A much larger, more comprehensive set of tunes from Petrie’s collection was edited by Charles Villiers Stanford and published as “The Complete Collection of Irish Music as Noted by George Petrie” (Parts I & II, 1902; Part III, 1905). This tune was included in Part II, No. 1043, labeled “Irish hymn sung on the dedication of a chapel—Co. of Londonderry.” In this instance, the repeated notes at the ends of the first and second half of the tune are not marked by ties, thus making it suitable for texts of 8.7.8.7, and here the triplet figure that we now find in the modern version in our hymnals was rendered in unequal rhythms.

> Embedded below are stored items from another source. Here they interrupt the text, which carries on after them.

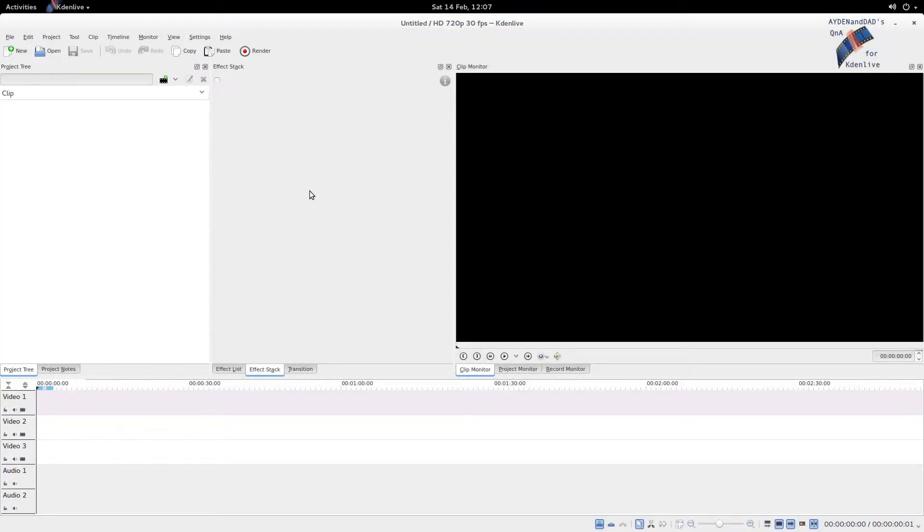Hello everybody, this is Aiden and Dad and we're doing another Kaden Live Q&A. So Dad, I've been running around in Minecraft recently and it's gotten really dark for some reason, but I want to upload it. Is there any way we can change the brightness in Kaden Live?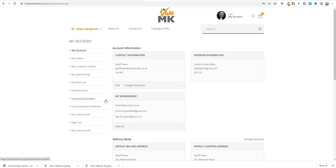Right, I'm going to show you how quick and easy it is to put an order in on our new Viva MK website.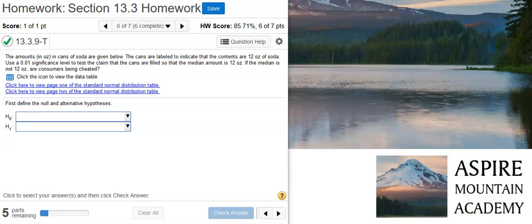Howdy, I'm Professor Curtis of Aspire Mountain Academy here with more Statistics Homework Help. Today we're going to learn how to perform the Wilcoxon Signed Ranks Test for median volumes.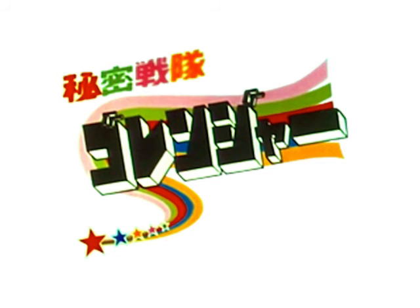This episode was loosely based on an episode of Himitsu Sentai Goranger! Created by Shotaro Ishinomori, copyrighted 1975 to 1977!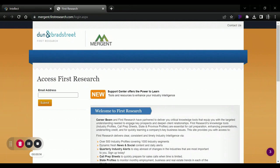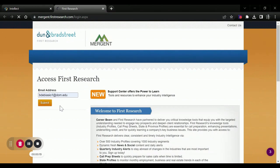To access First Research, you will have to just put your Dominican email into the box and press submit.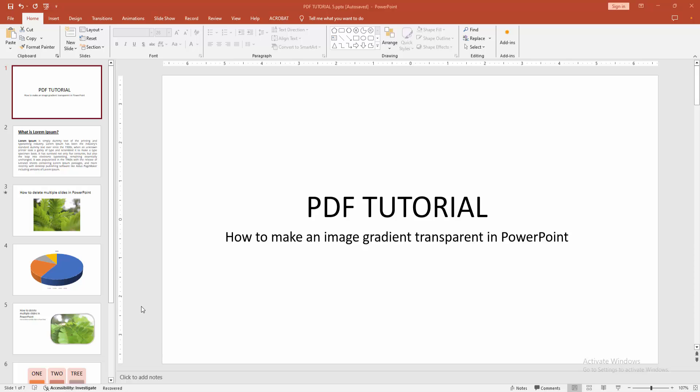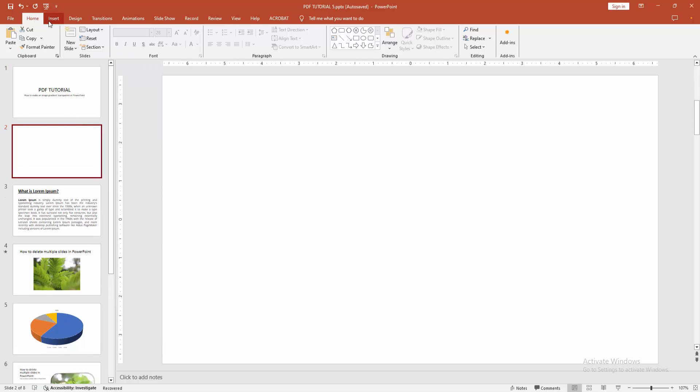First, open a PowerPoint presentation. To make an image gradient transparent, go to the Home menu. Select the New Slide option and choose the blank slide.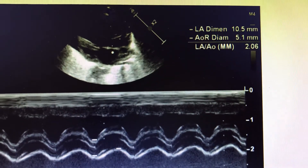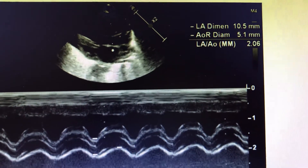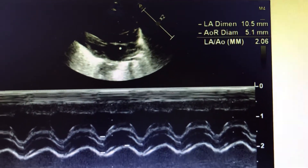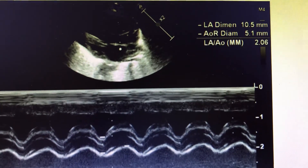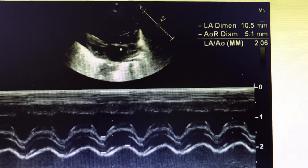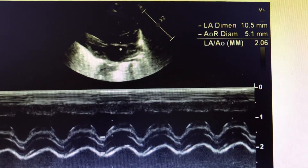We will further discuss the severity and the dimensions indicating a very large, non-restrictive PDA with significant blood flow.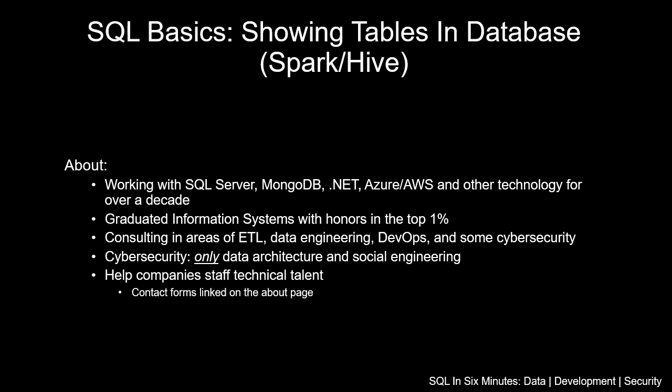There are alternatives to getting this information in various platforms, and one that's becoming more popular, especially with Databricks, is Spark, which is used heavily in ETL. Let's suppose we want to get information on the tables available in a database.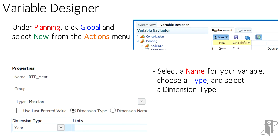The fields and properties listed further down can change based on the type that was selected. Since we selected Member, we'll need to choose the dimension that will be associated with the variable. Here, we're using the Year dimension.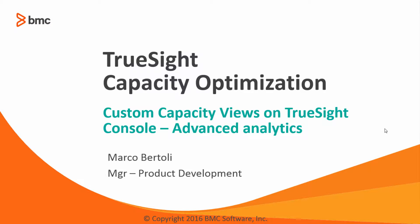Hi, I am Marco Bertoli and I'm going to show you how to create advanced analytics inside a custom capacity view on the TrueSight console.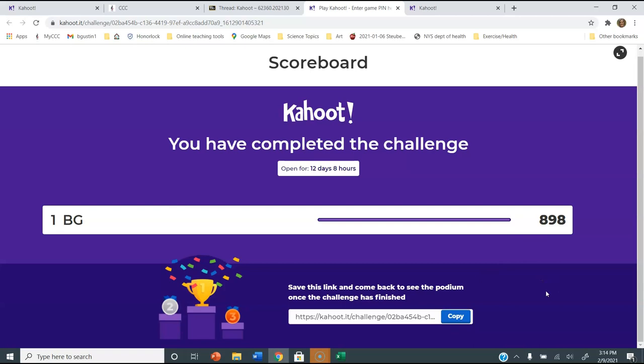So that's how you make a Kahoot and post it on our discussion board.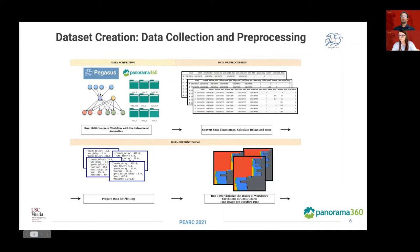To produce the final dataset, we had to collect and pre-process the generated workflow traces. For data collection, we used the online monitoring capabilities offered by the Pegasus Panorama 360 framework, and we labeled the various traces based on the injected anomalies, if any. We then pre-processed the workflow traces available in logs and within an Elasticsearch instance to create a representation for the Gantt charts in CSV format. Finally, we transformed these CSV files into high-resolution Gantt charts.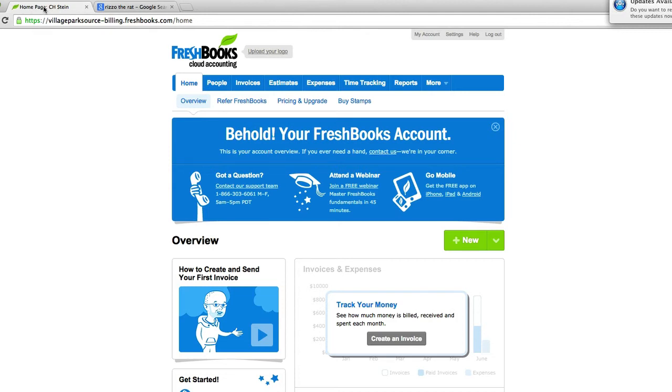Stick with me and by the end of this tutorial series, you will all be legends at FreshBooks. So good luck and I'll see you guys in the next video.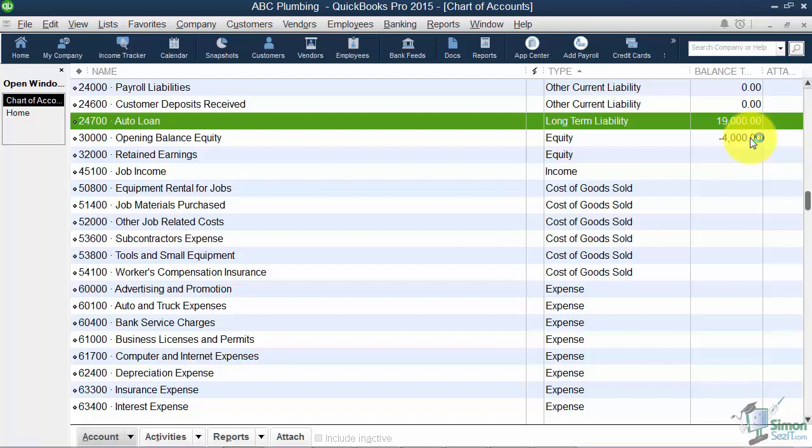You're going to want to set up every loan that you have. Sometimes a small business owner will take a set amount of money out of their personal funds to start a business — let's say $5,000. If you wanted to, you could set up a loan so the company could pay you back when it had the money to do so.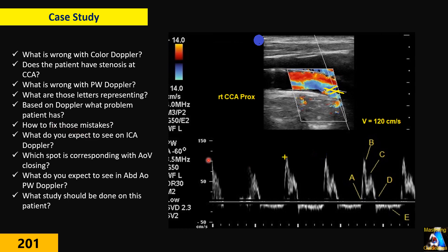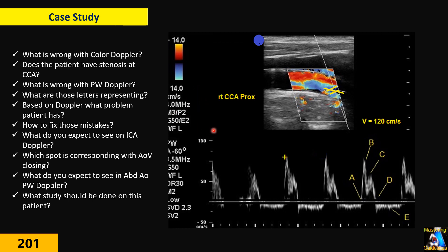How do you fix the mistakes that the tech has made? And what do you expect to see in the ICA — internal carotid artery — Doppler based on these findings?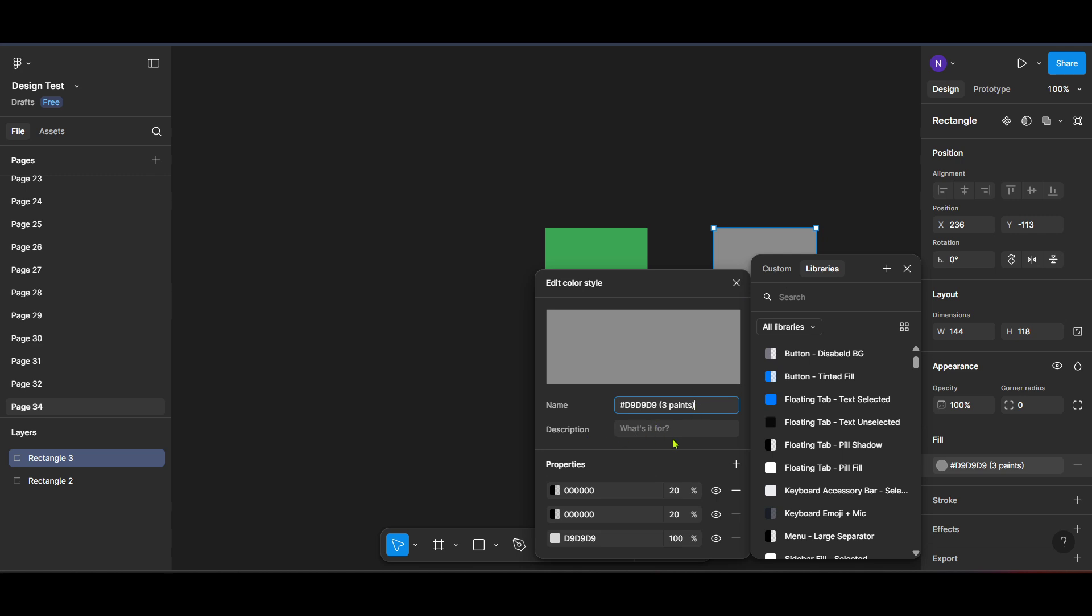Within the right sidebar, you should see several options detailing the properties of the selected element. Focus your attention on the fill section in this sidebar. Clicking fill will display all the color options applied to your selected element.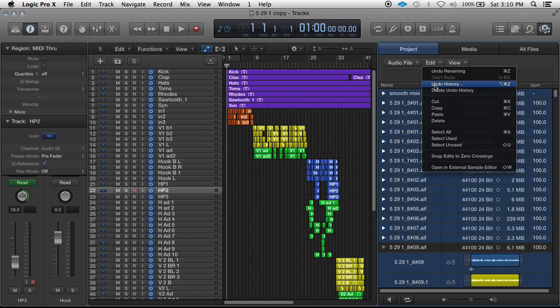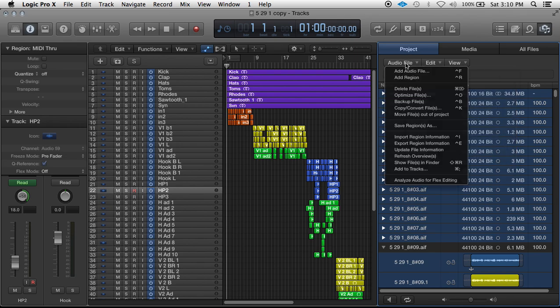If you just hit Delete right here, that's only going to delete them from the browser. That's not actually going to delete the files from your hard drive, so you could either go to Audio File, Delete Files, or hit Command-Delete.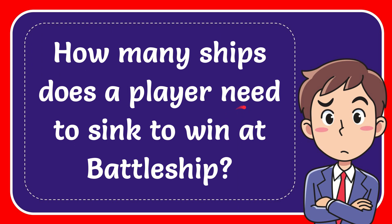In this video I'm going to give you the answer of this question. The question is how many ships does a player need to sink to win at battleship?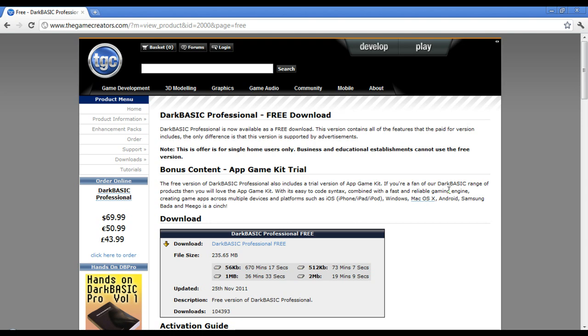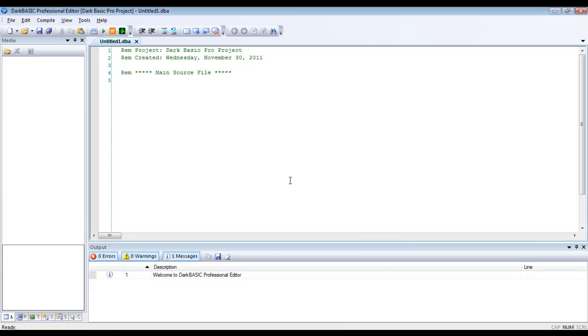Okay, so once you have that downloaded and installed, launch it and you will see something like this. This is what it looks like when you first create it, just an empty project.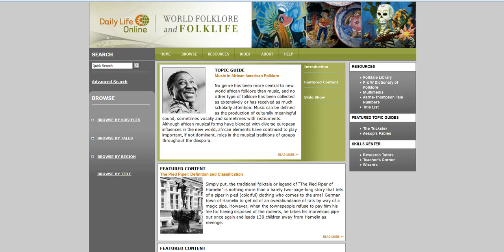Hi! Welcome to our quick introduction to Daily Life Online: World Folklore and Folklife for Mr. White's 9th grade honors classes.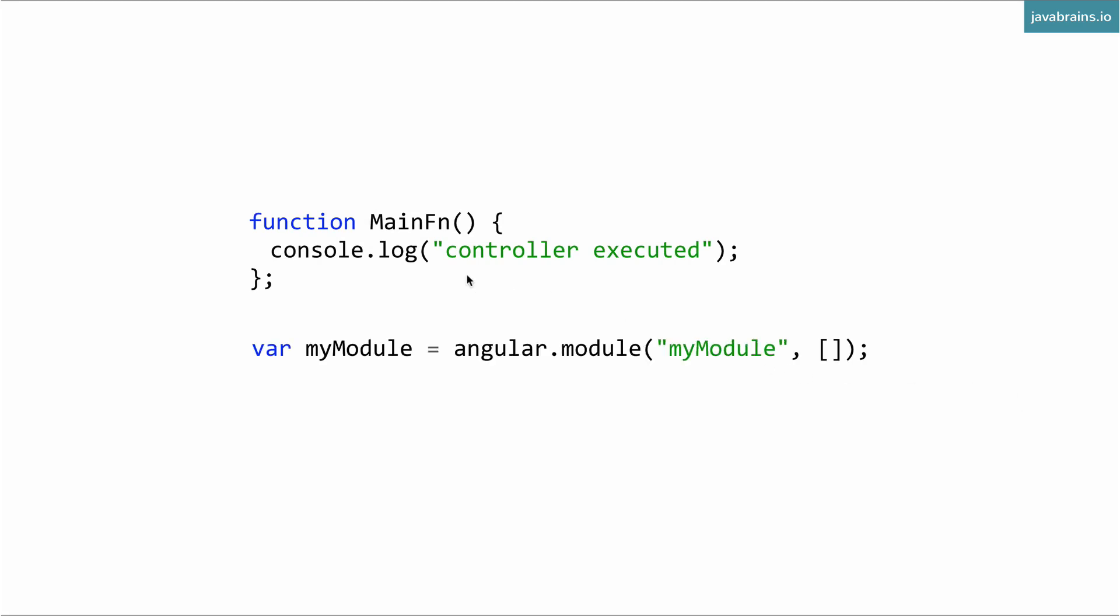So let's say you have a MainFn function, which has a simple console.log statement. Now you have an Angular module created by using the syntax, then you register it by doing myModule.controller. And then you pass in two arguments - first is the name of the controller, second is the name of the function.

At the time, Stanford was also serving on the committee for a new edition  of “Hymns Ancient and Modern” (1904).  In that collection, the tune appeared with “As now the sun’s declining rays,” a text by John Chandler, translated from a Latin text by Charles Coffin. This version of the tune is a strange cross between the Irish “Church Hymnal”rendition. The harmonization was left uncredited.  Lastly, the pairing of ST. COLUMBA with “The King of Love My Shepherd Is” was made in the 1906 “The English Hymnal.” In the preface to that collection, the editors specifically lamented their inability to secure the rights to print “such beautiful tunes as Dykes’ ‘Dominus regit me’ or Stainer’s ‘In Memoriam.’” As a happy consequence, their choice of replacement has proven to be popular. On the page, the tune was credited as “Ancient Irish Hymn Melody (Original form),” and it is indeed very close to how it appeared in today’s hymnals including its format as a tune for 8.7.8.7. The harmonization was credited to Charles Villiers Stanford (1852-1924), one of the great names in Victorian British Anglican music, one of the founding members of the Royal College of Music.   When this tune was included in “Songs of Praise” (1925), musical editor Ralph Vaughan Williams (one of Stanford’s students) changed the harmonization of the last chord of the first phrase, and this revised setting has been repeated in other collections.

In its present form, ST. COLUMBA has been called a gentle tune.  It is set in 3:4 time, a rhythmic pattern that is usually joyful, and almost has the sweeping feel of a waltz.  It is not difficult to learn or to sing, going up and down the scale.  It has a comforting feel, fitting for a comforting text, a comforting prayer, thanking God for His great mercy to us.